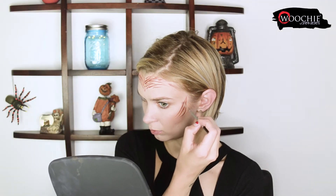Then I'm going in with the brown water activated makeup and I'm doing the same exact thing. I'm also using the brown on the sponge tip side of the double-ended brush and I'm applying it to my lid and lower lash line as an eyeshadow.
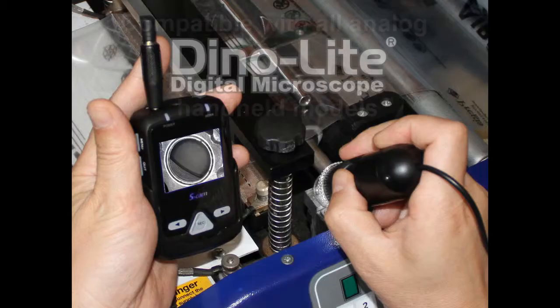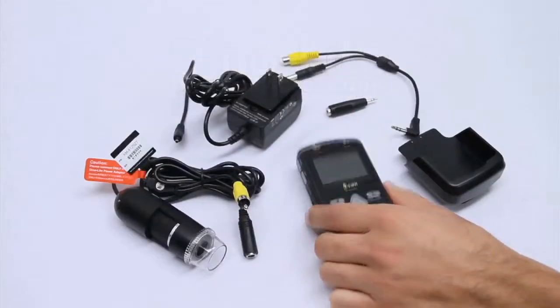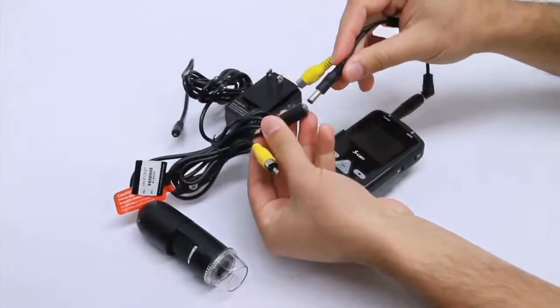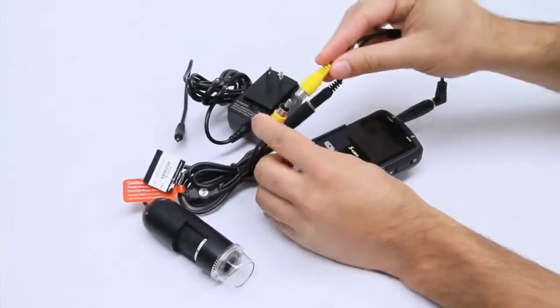Introducing our most portable unit, the MS-D09. To connect the power and data cords, press the same colored connectors together. This unit also comes with an AC adapter.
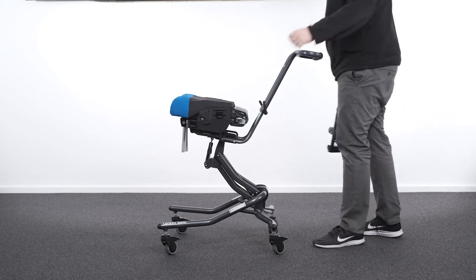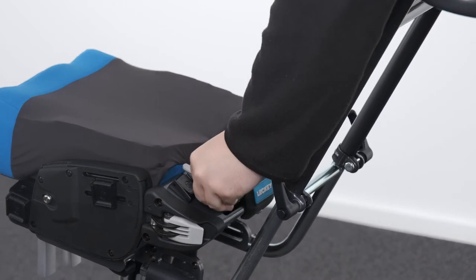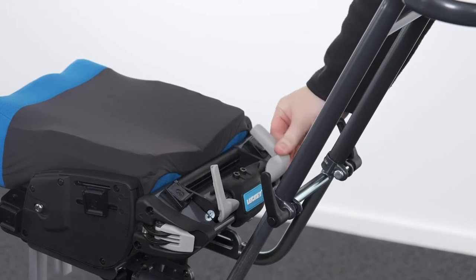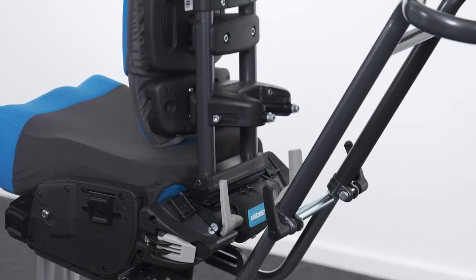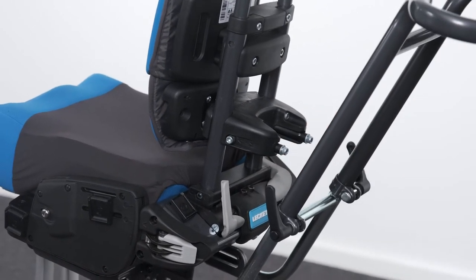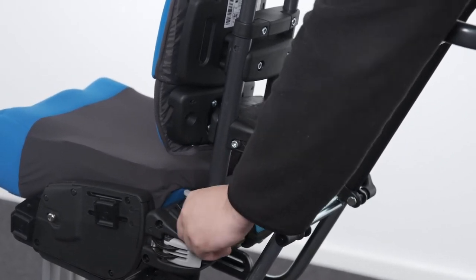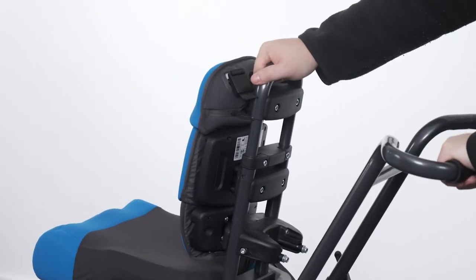Attaching the backrest. To attach the backrest, locate the backrest receiver at the back of the seat base. Open up the receiver lock paddles at the back of the seat base by pulling horizontally outwards on the paddles and then rotating upwards. Place the base of the backrest into the receiver ensuring it is as deep into the receiver as it can go. Rotate the paddles downwards and push inwards to secure the backrest in place. Check that it is secure by pulling up on the backrest and moving it forward and back.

### EXERCISE PROMPT
Return, exactly as they stand, the lines from the opening line of the listing through the line with "Introducing our most", both ends counted, and no pictures.

### RESULT OF THE EXERCISE
Then I'm going in with the brown water activated makeup and I'm doing the same exact thing. I'm also using the brown on the sponge tip side of the double-ended brush and I'm applying it to my lid and lower lash line as an eyeshadow.
Introducing our most portable unit, the MS-D09. To connect the power and data cords, press the same colored connectors together. This unit also comes with an AC adapter.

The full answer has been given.